ABOUT THIS TASK: Retype only the lines below from the one with "Roland Meyer und" to the one with "An open timber", inclusive, skipping every image.

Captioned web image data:

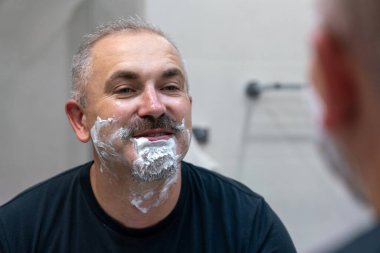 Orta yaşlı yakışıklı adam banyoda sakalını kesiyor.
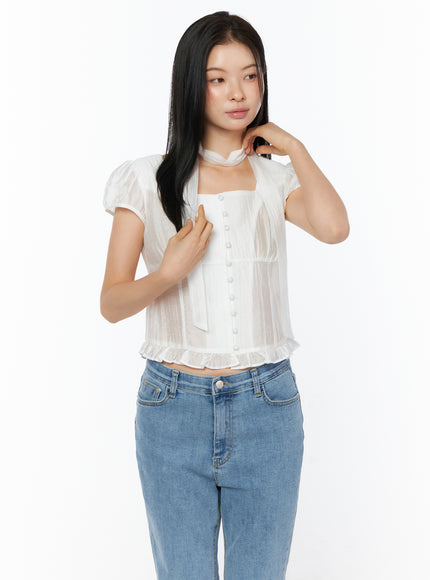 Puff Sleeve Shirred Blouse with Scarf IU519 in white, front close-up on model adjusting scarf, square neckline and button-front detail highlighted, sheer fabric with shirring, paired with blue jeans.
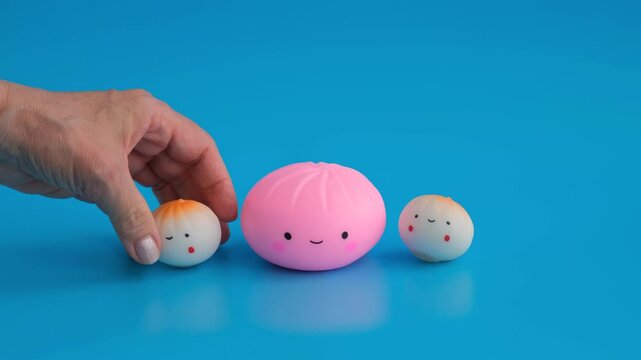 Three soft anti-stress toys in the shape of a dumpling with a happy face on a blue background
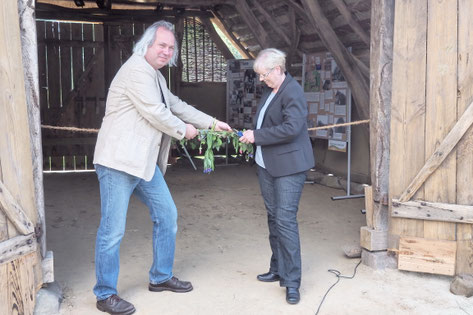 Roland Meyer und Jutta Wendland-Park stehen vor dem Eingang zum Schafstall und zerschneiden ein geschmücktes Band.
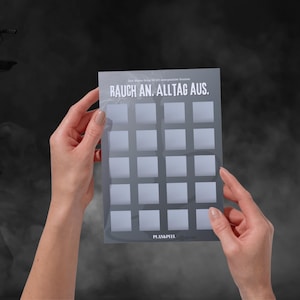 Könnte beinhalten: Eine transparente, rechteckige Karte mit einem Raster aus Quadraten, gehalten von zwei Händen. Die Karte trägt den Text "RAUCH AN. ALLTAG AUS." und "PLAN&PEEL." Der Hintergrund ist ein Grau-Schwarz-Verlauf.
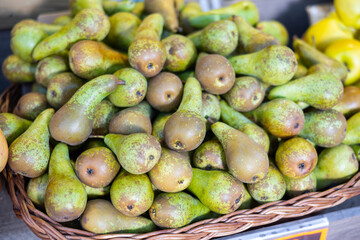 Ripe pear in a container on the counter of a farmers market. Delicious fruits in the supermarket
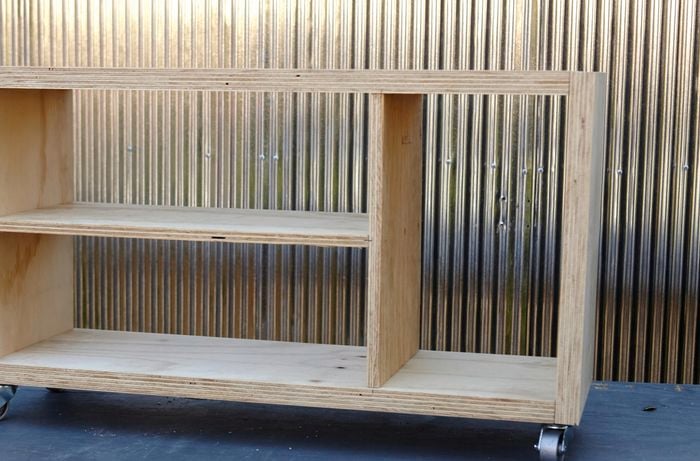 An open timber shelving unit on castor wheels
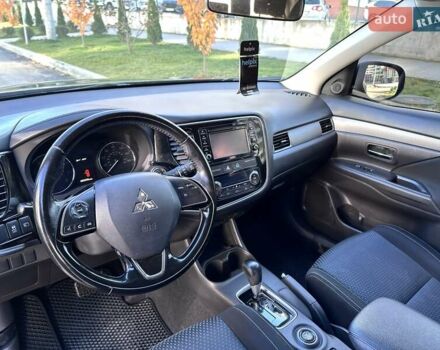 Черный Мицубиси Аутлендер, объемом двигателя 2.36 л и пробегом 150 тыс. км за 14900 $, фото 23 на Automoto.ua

RESPONSE BOX:
 Roland Meyer und Jutta Wendland-Park stehen vor dem Eingang zum Schafstall und zerschneiden ein geschmücktes Band.
 Könnte beinhalten: Eine transparente, rechteckige Karte mit einem Raster aus Quadraten, gehalten von zwei Händen. Die Karte trägt den Text "RAUCH AN. ALLTAG AUS." und "PLAN&PEEL." Der Hintergrund ist ein Grau-Schwarz-Verlauf.
 Ripe pear in a container on the counter of a farmers market. Delicious fruits in the supermarket
 An open timber shelving unit on castor wheels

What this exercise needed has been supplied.